--- Exercise requirements ---
Restate the data below word for word, omitting pictures.

--- Data section ---
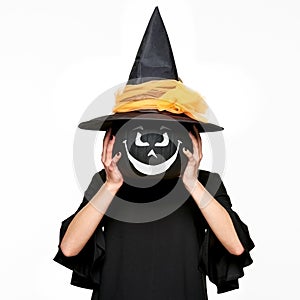 Young woman in witches hat and costume holding pumpkin in front of her face. Halloween Witch with scary face Jack o Lantern.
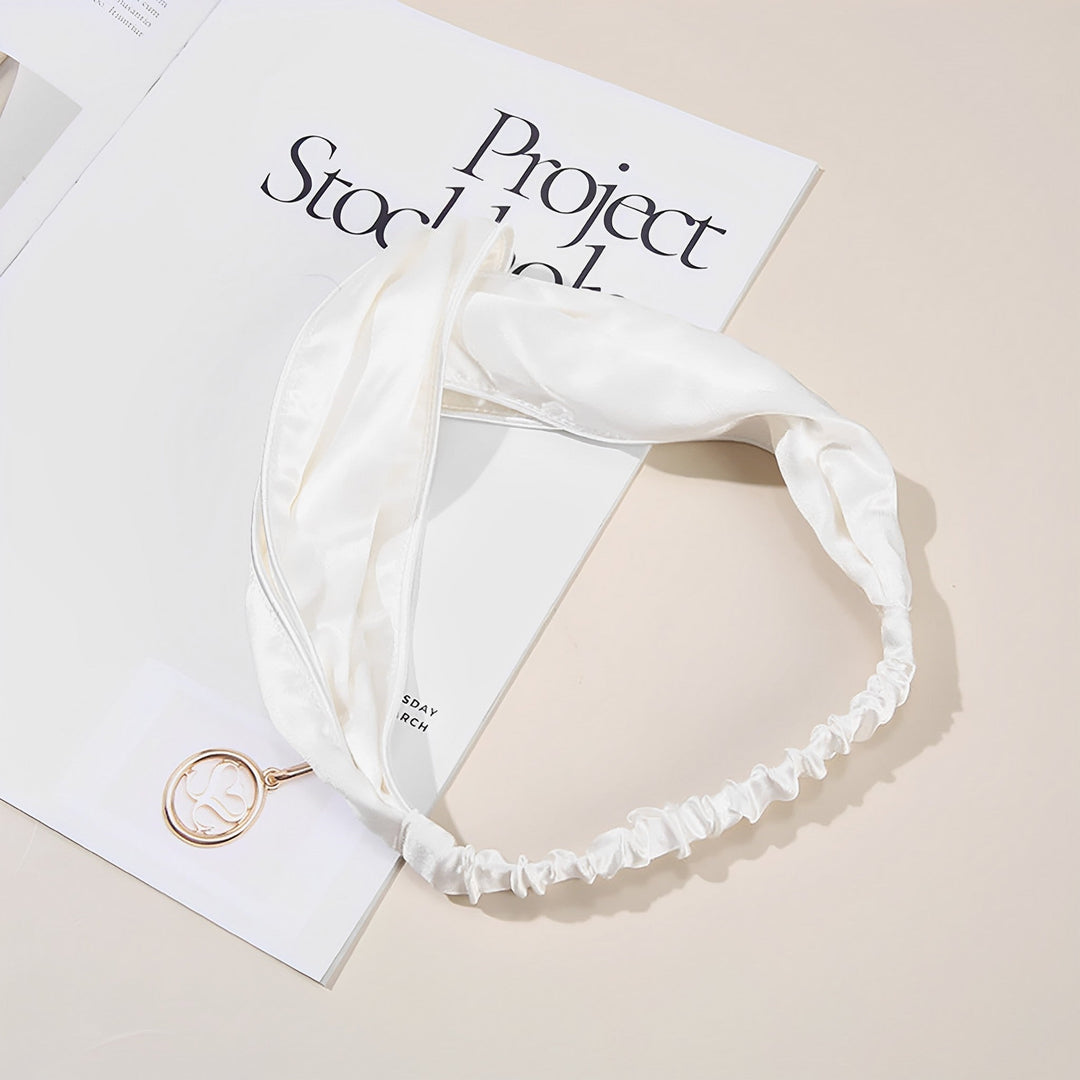 A SusanSilk Piping Criss Cross Silk Headband in white, featuring an elastic band at the back, is placed on top of an open book. A round pendant with an intricate design is also visible. The book, titled "Project Stockholm," seems to complement the luxurious feel of the headband's susansilk fabric.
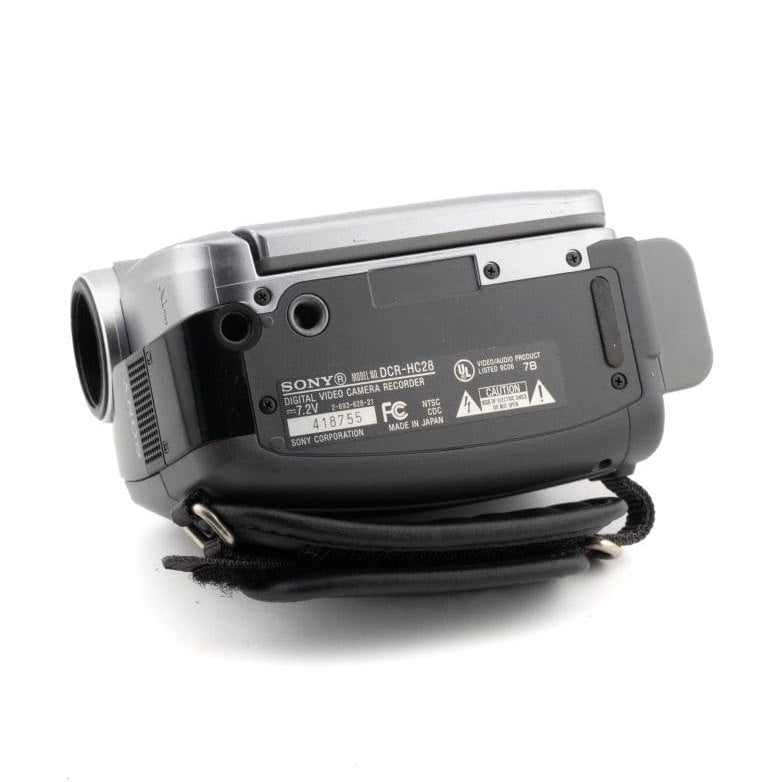 ClubCamera.com rear view of silver and black Sony DCR-HC28 MiniDV camcorder with textured grip and regulatory labels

--- Solution for this exercise ---
 Young woman in witches hat and costume holding pumpkin in front of her face. Halloween Witch with scary face Jack o Lantern.
 A SusanSilk Piping Criss Cross Silk Headband in white, featuring an elastic band at the back, is placed on top of an open book. A round pendant with an intricate design is also visible. The book, titled "Project Stockholm," seems to complement the luxurious feel of the headband's susansilk fabric.
 ClubCamera.com rear view of silver and black Sony DCR-HC28 MiniDV camcorder with textured grip and regulatory labels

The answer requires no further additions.